河田氏の新著を祝うための一文が、一片の弔辞としてはじまったこと、それを読者におゆるしいただきたいと思う。わたしにとって氏は、親鸞研究の未知の沃野を開くべき刮目の人、そういう研究者だったのである。
氏は、わたしの親鸞に関する論文を深く熟読して下さった。わたしの親鸞学の学問としての方法を理解し、その成果を深く摂取しつつ、新たな研究分野を切り開いてゆかれたのである。
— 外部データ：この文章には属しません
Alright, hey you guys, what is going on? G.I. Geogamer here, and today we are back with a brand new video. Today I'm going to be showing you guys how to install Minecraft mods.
中でも、被差別民衆の立場から親鸞言説を検証する、その方法論は、出色だった。幾多の親鸞研究の中でも燦然たる光を放っている。今後も、失われることはないであろう。
(中略)
それゆえに、弔いの言葉としてではなく、お祝いの言葉をもって、本書の序文を結ばせていただきたいと思う。
一九九四年十月十五日
――住井すゑさんの牛久の会の講演に赴く前夜――
古田武彦〟
著者は親鸞研究を通して古田先生と懇意にされていたようです(注①)。河田氏はガンの闘病生活のなかで同書の校正を続け、その途中で亡くなられました(1993年12月18日没)。その校正作業を引き受け、出版にまでこぎ着けたのが藤田友治さん(注②)でした。同著末尾にある藤田さんの「河田光夫氏への追悼と本書の解題」にその経緯が記されています。また、藤田さんは河田氏を介して古田先生の著作を知り、先生との交流が始まったとのこと。当時の様子を次のように記されています。
〝河田氏の引越しの手伝いで河田氏宅にいった際、河田夫人から古田武彦『「邪馬台国」はなかった』や『親鸞 人と思想』の贈呈を受け、古田氏は河田氏の友人であることが解った。
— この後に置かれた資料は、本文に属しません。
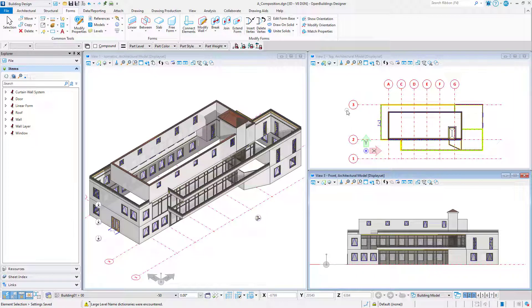Did you know you can use the iModel Hub to connect a Revit model to an iTwin? Then reference the iTwin to your Open Buildings model. This is a great way to coordinate between an Open Buildings DGN model and a Revit model. All you need is the Revit file.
「偶然は人を思いがけないところへ導くものである」という言葉通り、河田氏から紹介された古田氏を中心にして、その後“囲む会”、さらに発展改称し、“市民の古代研究会”とし、全国組織となったのである(当初、事務局長、前会長)。そして最近は「古田史学の会」へその精神は引き継がれた。〟『親鸞と被差別民衆』146頁
こうした学問研究を縁(えにし)とした人間模様は、これからも誰かに繋がっていくものと思います。河田氏、藤田さん、古田先生は既に鬼籍に入られました。残された者の一人として、記憶を書き留め、これからの新たな学縁を繫いでいきたいと願っています。
(注)
①古田武彦『親鸞 人と思想』(清水書院、1970年)に河田氏の研究が次のように紹介されている。
「この問題について、河田光夫に『念仏弾圧事件と親鸞』〈『日本文学』一九六八・七・十月号〉という、みごとな研究がある。言語文法の側面から、この問題を分析したものだ。」170頁
②藤田友治氏(1947~2005年)。「市民の古代研究会 ―古田武彦と共に―」の創立者で、事務局長、会長を歴任された。1994年の「古田史学の会」創立に参加。